# I'm starting CBT...how do I get it to work for me?



## kerosene (Oct 26, 2010)

I have a really positive attitude right now for this and I don't want it to end.
I started CBT for anxiety but I'm not sure how the approach will work...I only had 2 sessions so far and we just talked about factors that cause me anxiety. Ummmm I don't know what else to bring up? I haven't had much talking therapy so I don't know how to work with her. Obviously I am sort of withdrawn and don't know what to say in general. Has anyone else had CBT, what did you talk about, how does it proceed?


----------



## wxolue (Nov 26, 2008)

First of all, I'm curious what you think of what you've heard so far.

I can tell you right now that the biggest thing you can do is to keep an open mind. Looking back when I started CBT, I really didn't know anything about my anxiety at all compared to what I know now after I did CBT. I learned things I never would have imagined as I went through...things I WOULDN'T have learned if I didn't keep an open mind. As soon as you get stubborn about what you THINK you know about your anxiety, you lose. Most of the new stuff you will learn is noticing thoughts you never noticed before, learning that a particular thought is actually negative, and is therefore perpetuating your anxiety, and learning that something you're doing is actually an avoidance behavior, and is thus perpetuating your anxiety.

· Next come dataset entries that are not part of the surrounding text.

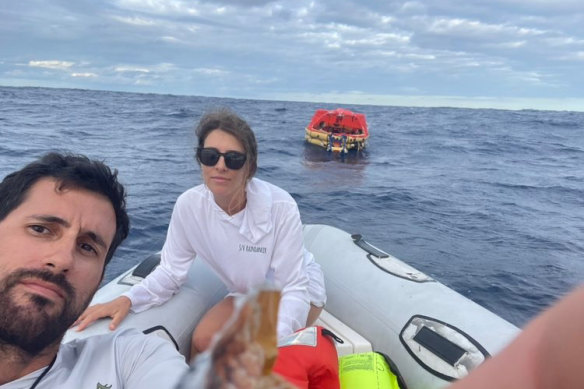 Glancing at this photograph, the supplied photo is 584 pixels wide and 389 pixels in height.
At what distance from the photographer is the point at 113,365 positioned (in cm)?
179

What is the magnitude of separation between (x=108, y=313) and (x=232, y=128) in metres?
1.43

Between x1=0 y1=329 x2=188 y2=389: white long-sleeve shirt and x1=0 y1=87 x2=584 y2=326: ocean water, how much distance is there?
1846 millimetres

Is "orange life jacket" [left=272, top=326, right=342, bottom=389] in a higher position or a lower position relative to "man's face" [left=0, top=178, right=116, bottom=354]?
lower

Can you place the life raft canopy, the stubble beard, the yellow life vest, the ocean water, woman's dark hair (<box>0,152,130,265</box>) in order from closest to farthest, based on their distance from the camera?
1. the stubble beard
2. woman's dark hair (<box>0,152,130,265</box>)
3. the yellow life vest
4. the ocean water
5. the life raft canopy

Second, you have to stay motivated. CBT isn't easy, but you definitely get out what you put into it.

The last part is important. Because we have SA, when we enter therapy we will sooner or later (probably sooner) come up against some thoughts.

"This therapy won't work for me."
"My therapist doesn't get me."
"I'm not making any progress. I'm hopeless."

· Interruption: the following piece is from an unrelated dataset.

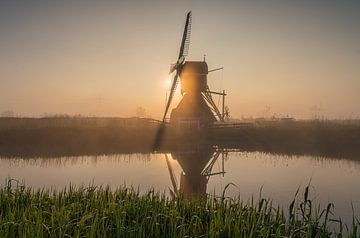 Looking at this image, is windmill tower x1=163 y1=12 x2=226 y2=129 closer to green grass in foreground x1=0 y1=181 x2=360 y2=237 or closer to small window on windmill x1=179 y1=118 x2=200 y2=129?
small window on windmill x1=179 y1=118 x2=200 y2=129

Not only are these the same thoughts that perpetuate anxiety, but they make the very therapy that could help you the enemy. I assume your therapist already told you that it's negative thoughts that create anxiety. Prepare for negative thoughts that target the therapy itself. Be ready for them.

Also I forgot to add that you shouldn't adopt a perfectionist attitude. Don't think you have to do every assignment perfectly, and don't think that failing to do an assignment means you fail CBT. If you do miss an assignment, TELL YOUR THERAPIST. This last one hurt me big time. Be completely open with your therapist. There's noway in hell they'll get angry or think negatively if you miss an assignment, even if you don't have an excuse. Always maintain good communication with your therapist. Important.



So there's my perspective on things you should know before starting. It is a personal perspective, based only on my own experiences, so take from it what you'd like.



I had group CBT therapy. I think it's very similar to regular CBT, except you don't get personal attention, and the therapy isn't really tailored to you. In my therapy group, here's how it went.

-Spent the first class introducing ourselves.
-Spent the next few classes talking about what causes anxiety, and the two aspects of CBT: Cognitive Therapy and Behavioral Therapy.
-Started doing exposure therapies. This involved doing "public speaking" in front of our group. These exercises are intended to evoke anxiety. In order to keep pace with the success of behavioral therapy, they added conditions to our speeches to make them more difficult (discussing a sensitive topic like gay marriage, wearing a funny hat, taking questions at the end, stating an obviously incorrect fact as if you believed it, etc). In this sense, each week we experienced the same amount of anxiety, even though the exposures would be getting harder and harder.
-We also started doing assignments for the cognitive therapy. This involved trying to recognize negative thoughts we come up against during the week, and attack their credibility. We had a sheet we would go through with each thought (4 thoughts a week were required).
-After a few weeks of the in house exposures, we went outside the therapy room and did other exposures. These exposures could be anything, as long as they evoked anxiety. Here are a few we did in the group:

-Ask a random group of people if you can practice a wedding speech on them. If they say yes, you must then perform a speech without any preparation about an imaginary wedding (obviously you're supposed to make them believe it's real).
-Purchase condoms at a store, start counting out from a jar of coins, realize you don't have enough, and then say never mind. Leave without purchasing anything.
-Initiate a conversation with someone of the opposite sex (or same sex if you're gay) and hold the conversation for 5 minutes. At the end, ask for his/her number.
-Dancing/singing to a song on your ipod in public.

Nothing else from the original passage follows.